> _Your goal_
Leaving pictures out, repeat word for word the line that has "img_14446948" and each line that follows it to the end of the listing.

> _Data shown_
_ _ _ _ _ _ _

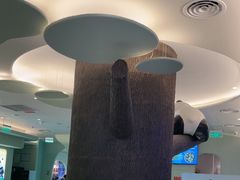 -眉州东坡·熊猫主题餐厅(枫蓝店)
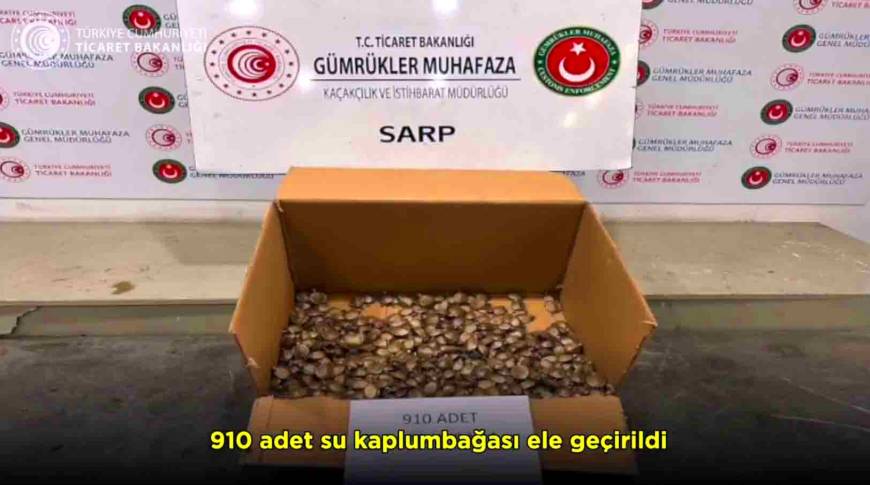 Sarp Gümrük Kapısı'nda 910 su kaplumbağası ele geçirildi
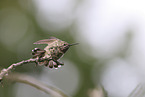 Anna's hummingbird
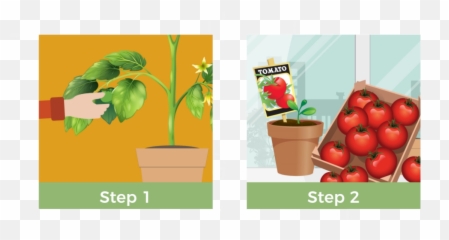 Grow Tomatoes Indoors - Plant Cycle png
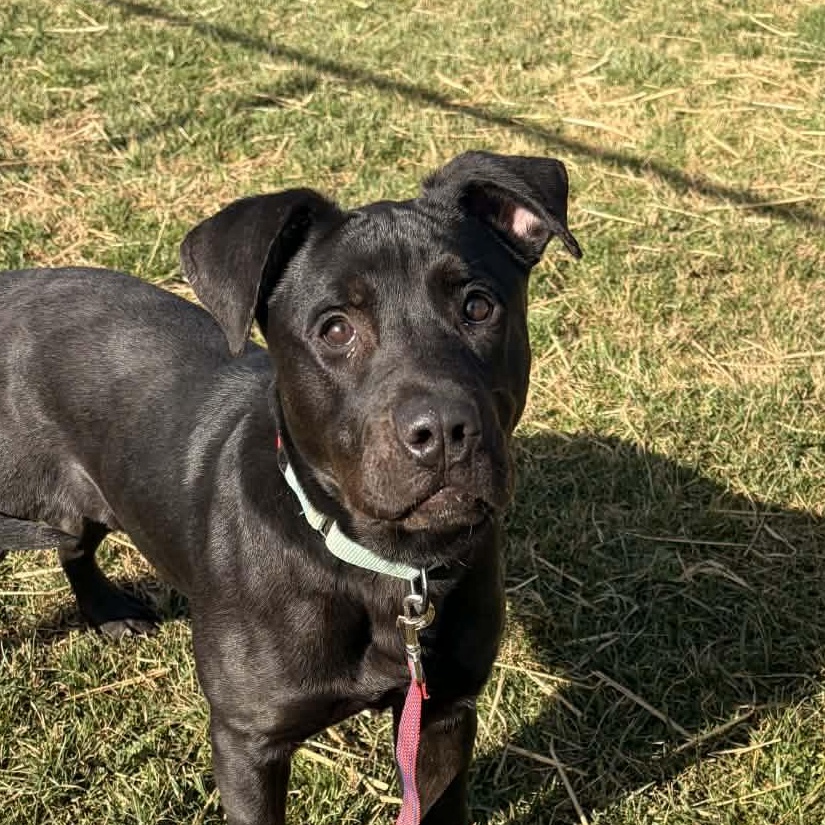 Enlarge Tibby, a ADOPTABLE mixed breed in Bristol, CT image 5/5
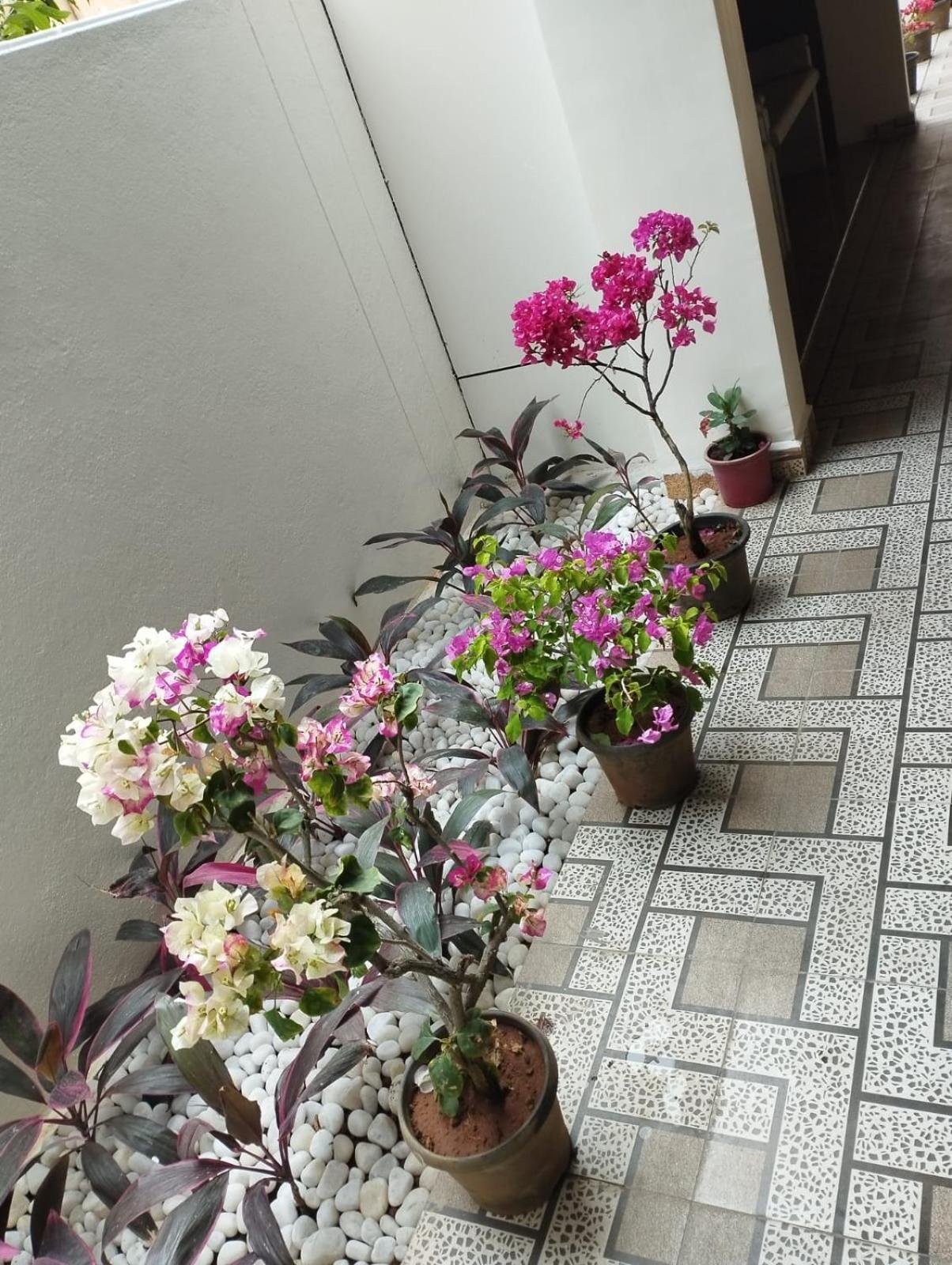 Annai Residency Vellore Exterior foto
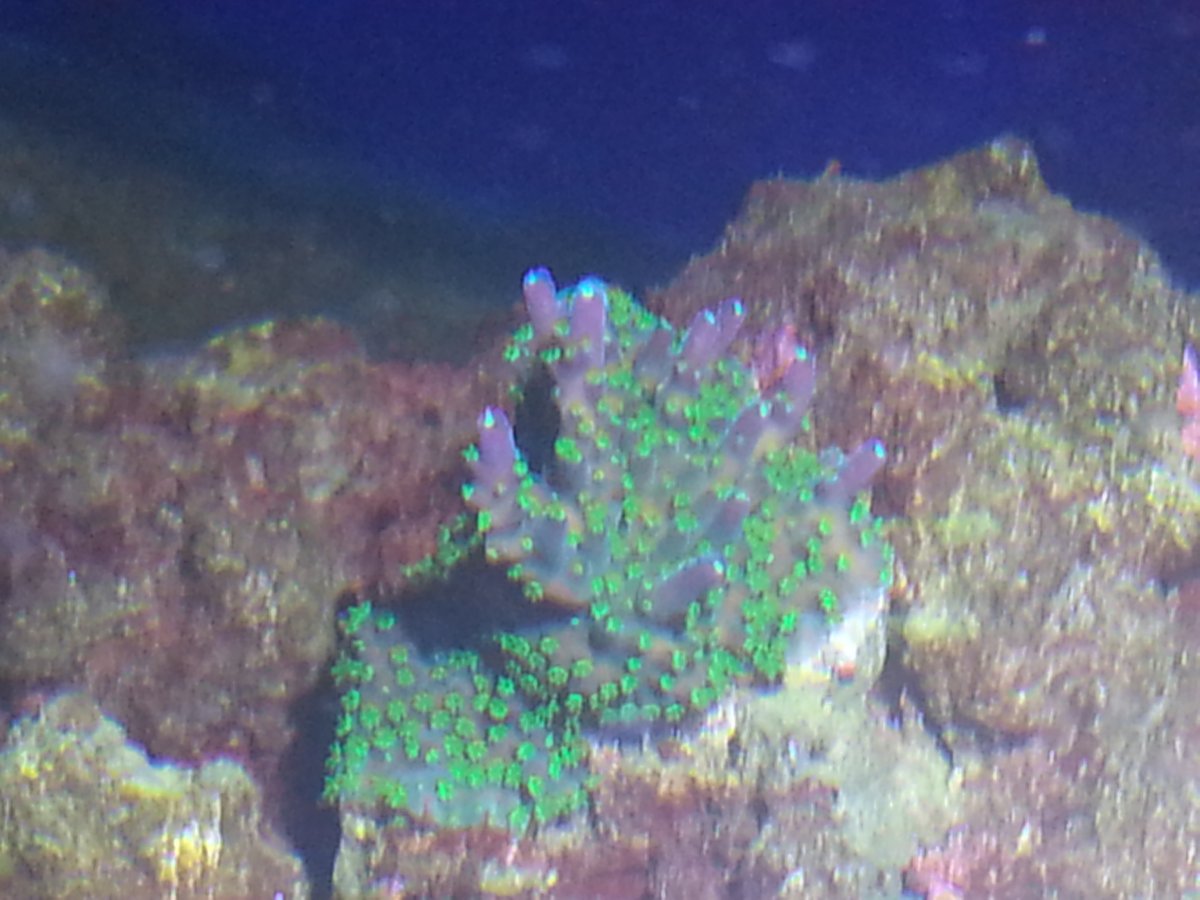 20161020_024340.jpg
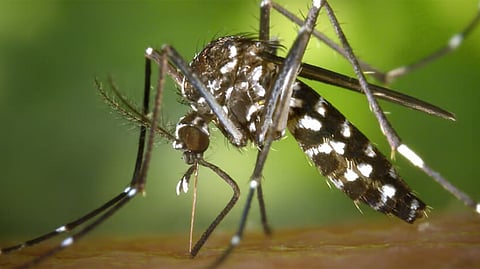 Dengue cases in Cebu City rise by 123%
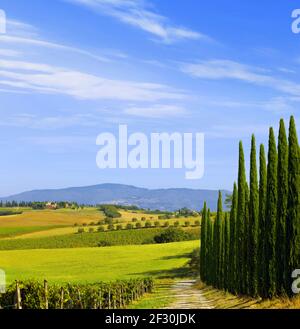 Schöne Landschaft in der Toskana in der Nähe von Montepulciano. Stockfoto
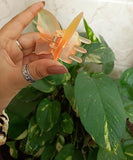 img_14446948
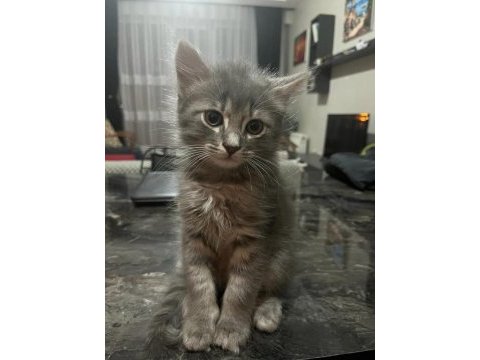 Russian blue ve sibirya orman kedisi yavruları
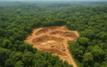 Ghana : L’interdiction des mines dans les forêts ravive le débat environnement-économie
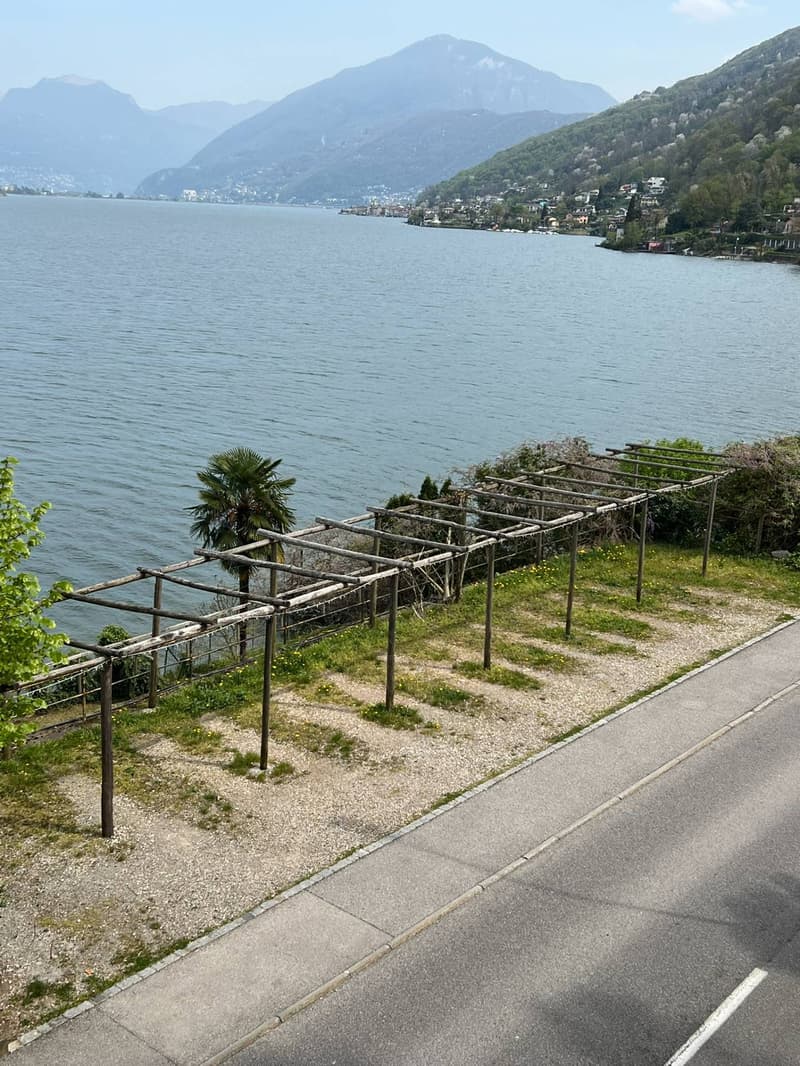 Metal trellis, grassy area, palm tree, gravel pathway, street view, mountain range, water body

_ _ _ _ _ _ _

> _Completed task_
 img_14446948
 Russian blue ve sibirya orman kedisi yavruları
 Ghana : L’interdiction des mines dans les forêts ravive le débat environnement-économie
 Metal trellis, grassy area, palm tree, gravel pathway, street view, mountain range, water body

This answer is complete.